Indeed, educating the workforce on what are the threats, strategies and what to avoid is the main tool. Training is suggested to help people identify phishing and to report it accordingly in Gmail. But human errors are still common. With phishing attacks becoming more sophisticated by day, technology needs to be part of the protection equation more and more.

Google protection

Google does a lot to protect Gmail users. It employs advanced AI-enhanced spam filtering capabilities to block over 10 million spam emails every minute and claims to catch 99.99% of spam, phishing and malware emails before they reach your inbox. Google has also implemented multiple safety mechanisms.

  • Safe Browsing that identifies dangerous links in emails and warns you before opening.
  • Proactive alerts before downloading a potentially harmful attachment.
  • Account safety protects against suspicious login attempts by monitoring several security signals and offers Advanced Protection Program to accounts at most risk. 
  • Confidential mode that removes options for forwarding, copying, downloading or printing emails after a set period of time.
  • Email encryption at rest and while in transit between data centers with Transport Layer Security.
  • Google’s Attachment Protection helps to secure against encrypted attachments (cannot be scanned for malware), attachments from untrusted senders, and anomalous attachment types. 

Tools for organizations

In addition to Google protective measures, Google Workspace account administrators can take a number of steps for users to improve security.

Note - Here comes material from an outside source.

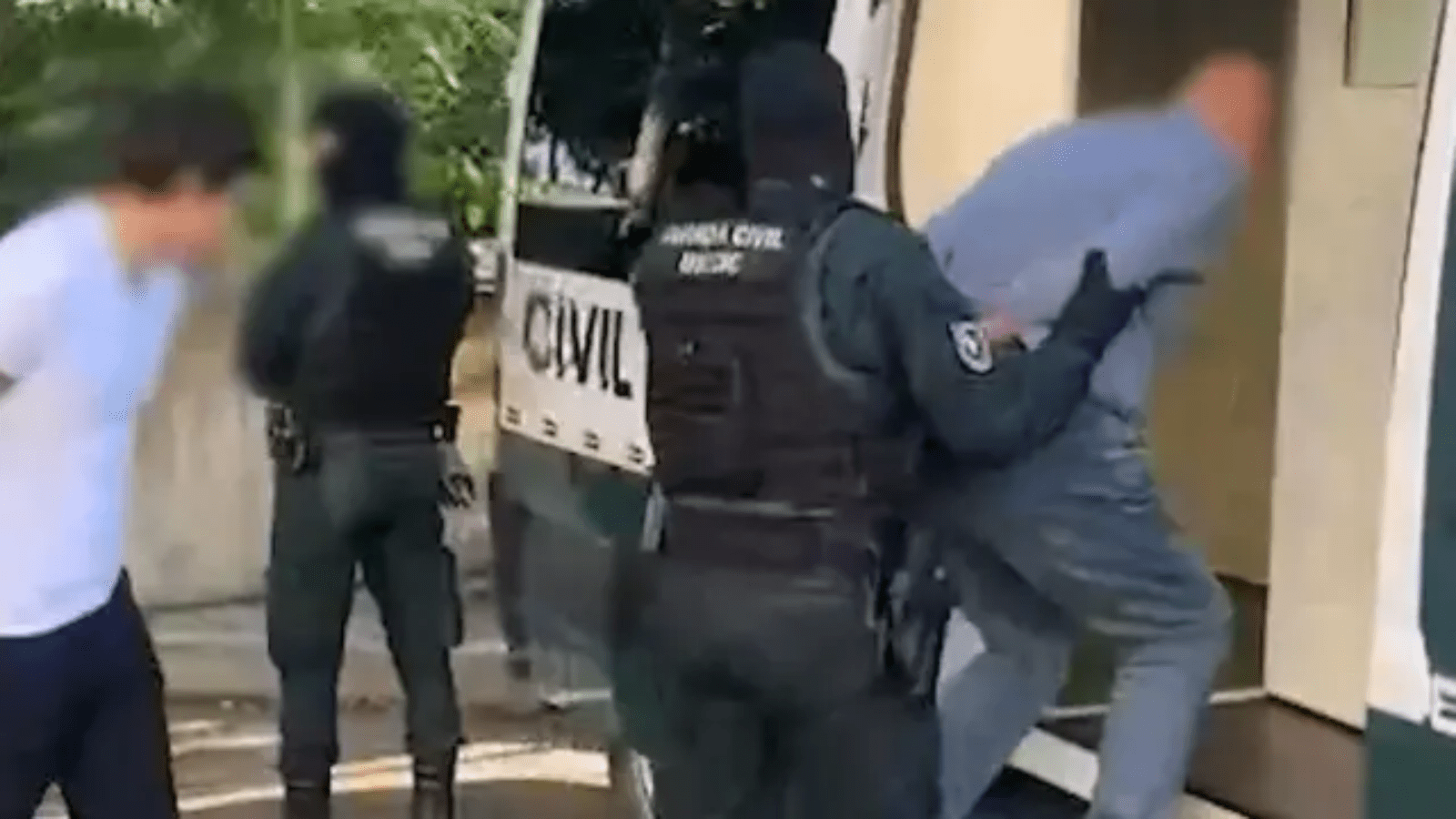 Detenidos cinco hombres del Este por un intento de secuestro en Majadahonda Detenidos cinco hombres del Este por un intento de secuestro en Majadahonda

  • 2-step Verification is the best way to secure emails from unwanted access even if the password is compromised. Users will have to use a second form of identification (phone, email, mobile app, USB key) to log in.
  • Password Alert is a Chrome extension that administrators can deploy on all account devices. It checks for fake Google sign-in pages and enforces a password change policy when such an event is registered.
  • Trusted Apps can be selected by the administrator to specify apps that can ask for users’ credentials.
  • External Reply Warnings are shown when there is a new email interaction with an account that is not connected with the company's domain.
  • Android Work Profile separates apps used for work from those used for personal purposes. This separates company data from personal data in the mobile device and allows blocking of certain app installation on the work profile.
  • Whitelisting, Greylisting and Blacklisting allows you to sort out the emails that your organization should receive, reject before sender verification or block completely.
  • Gmail Anti-Phishing Tool for damage control when a phishing email gets through the filtering measures. With it you can find and remove it before it causes further damage.

  However many Information Security trainings C-Level provides to the workforce, they cannot be sure that people change the default password on their home wi-fi router or that they are not connecting to the public wi-fi in the downstairs café. It is the technology and tools that are provided that will eliminate many of the risks.